Megawati berharap media massa dapat membetulkan kesalahpahaman soal istilah koalisi tersebut. Kalau tidak, itu menurut saya tidak mendewasakan kehidupan berbangsa dan bernegara.
Menurut Megawati, istilah 'koalisi' partai politik (parpol) tidak dilanjutkan karena mengandung kerancuan. Sistem politik yang dipakai di Indonesia, kata ia, tidak memungkinkan membuat adanya koalisi parpol, sebagaimana yang telah ia jelaskan berulang kali.
"Indonesia itu tidak memakai sistem koalisi, jadi kalau mau bilang kerja sama boleh," kata ketum PDIP itu di Seoul, Korea Selatan, sebagaimana siaran pers yang diterima di Jakarta, Jumat.
Ia menjelaskan bahwa Indonesia menganut sistem presidensial, sehingga berbeda dengan sejumlah negara di Barat yang memakai sistem parlementer. Di negara parlementer kepala pemerintahannya bukan seorang presiden tetapi perdana menteri.
"Sistem pemilunya itu. Kenapa saya bisa berkata begitu?

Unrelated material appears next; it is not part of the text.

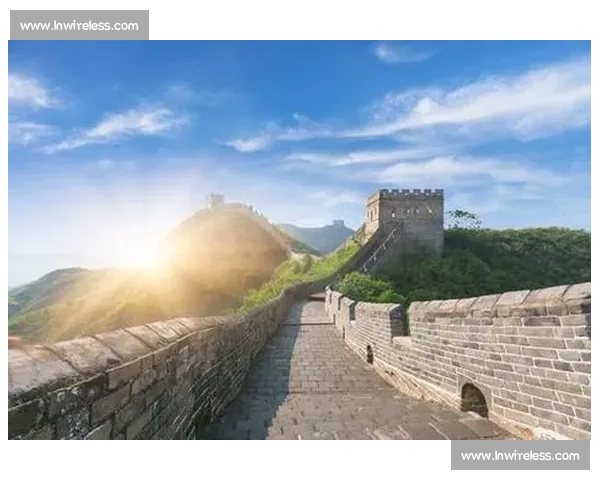 历史回响！瓜达拉哈拉，世界杯留下的传奇永不褪色！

Karena saya pernah waktu anggota DPR itu diundang ke Amerika, antara lain untuk melihat cara kerja sistem Amerika melaksanakan cara pemilunya," ujarnya.
Sebagai mekanisme internal parpol, menurutnya sah saja apabila ada parpol yang hendak melakukan konvensi untuk mencari calon presidennya. Namun bila disebut koalisi, ujarnya lagi, seharusnya dilakukan benar-benar dari tingkat bawah atau tingkat pengurus parpol terendah di antara partai politik yang berkoalisi.